Monday, June 30, 2014

China Aims For Target Prices and Big Grain Stockpiles

Premier Li Keqiang recently announced China’s intent to adopt “target price” subsidies for grains and to boost state reserves. The new measures are a continuation of Premier Li’s strategy of moving toward a more market-oriented farm policy, but they also reflect an attempt to deal with giant stockpiles and price distortions that have resulted from the current price support policies.

In January 2014, Chinese leaders announced an experimental “target price” program to begin this year in northeastern provinces for soybeans and Xinjiang Autonomous Region for cotton. The June 25 announcement signaled the State Council’s intent to eventually adopt the target price model as a general subsidy approach that will replace the current support price programs for major commodities. The new announcement seems hasty since the experimental programs haven’t begun yet, and officials haven’t even announced the details of how the trial target price programs will be implemented with the harvest just a few months away.

The target price subsidy is a payment based on the difference between a government-set “target price” and the market price—when the market price is below the target. This is described as a more market-oriented policy that will still protect farmers’ income and motivate them to produce. However, it is likely to produce massive subsidy payments as producers make their planting decision based on the high target price, expanding supply, driving down the “market” price, creating big gaps between the target and market prices. With no way of verifying production or sales by tens of millions of producers, the program will be an invitation to fraud and corruption.

While the error-riddled China Daily article picked up by English-language news media emphasized the target-price subsidy, the Chinese-language official news media emphasized expansion of grain storage and purchasing as the main theme of the State Council’s decision. The call for more grain storage capacity appears to be motivated by a confusing mix of objectives: a short-term urgency to create more space for this year's crop and a long-term need to use huge stockpiles to control prices under the more "market-oriented" target price policy.

Noting the recent growth in grain production—including this month’s big wheat harvest--the announcement noted that some regions are seriously short of grain storage capacity. The announcement said grain purchase and storage is currently “an urgent matter” and also “a long-term responsibility.” Officials want to make sure that farmers can sell their grain at ever-rising prices. The security-obsessed Chinese regime is probably worried that problems selling grain could set off rural uprisings.

The first specific task identified by the announcement was to sell off existing grain reserves to make room for the new harvest. Grain production has continued booming over the last two years but consumption has plummeted, thus the government has had to take millions of tons off the market to prevent prices from falling.
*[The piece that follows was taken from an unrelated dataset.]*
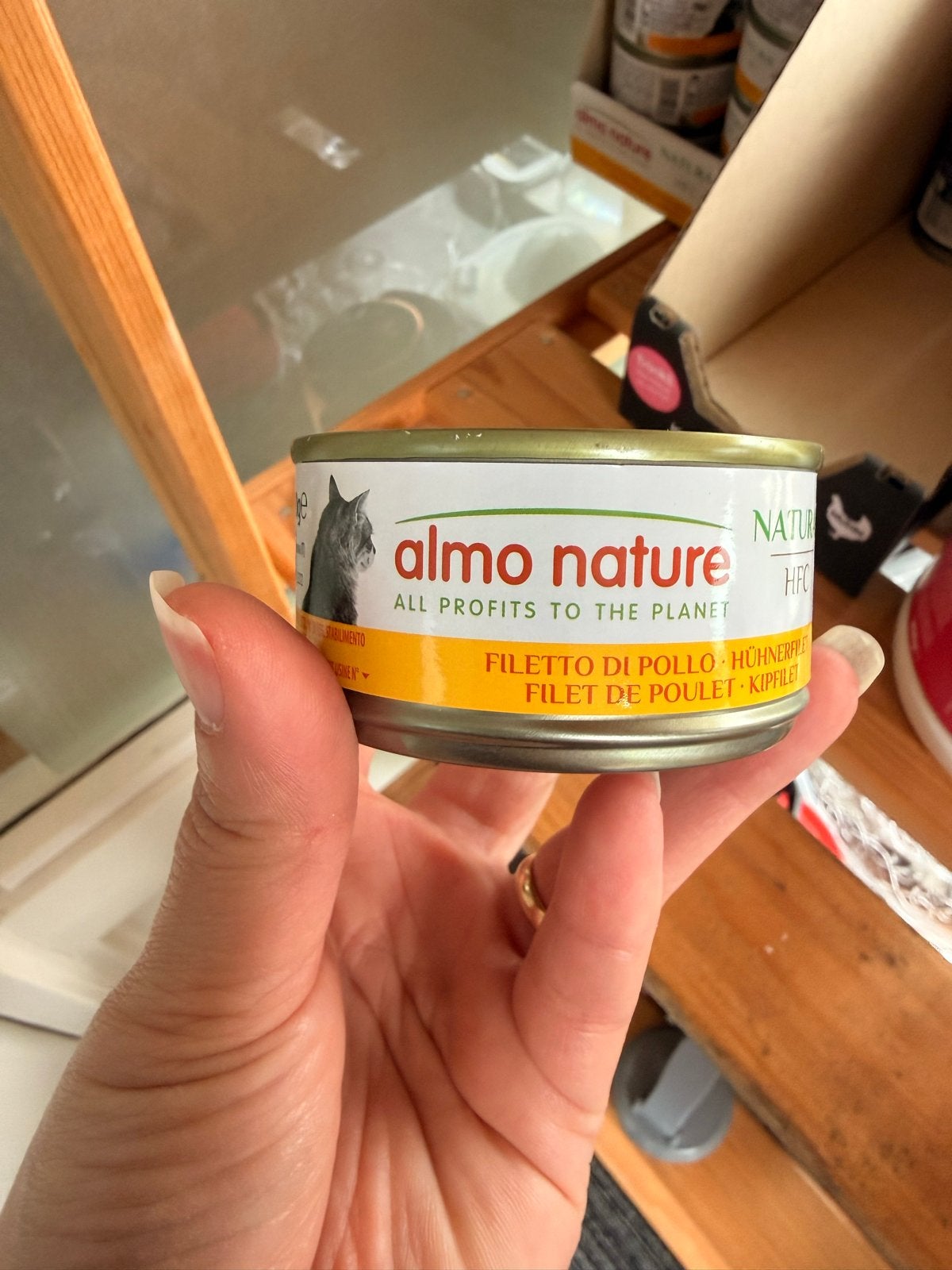 Almo Nature kattenblikvoer, Dieren en Toebehoren, Dierenvoeding, Ophalen, Kat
With bins full in many places, officials have recently been holding auctions to sell millions of tons of reserve corn, but there have been relatively few takers since the price is too high.

Another clue about the urgency of whittling down corn reserves is a proposal floated in the announcement to “give support to corn processors in areas with storage problems.” On June 24, Heilongjiang Province announced a 100-yuan-per-ton subsidy for processors with capacity of 100,000 tons or more for 2014-15. Subsidies for processing corn into starch and alcohol products are a sharp turn-around from less than two years ago when officials were trying to rein in industrial use which had broken through their 26-percent maximum share of corn consumption.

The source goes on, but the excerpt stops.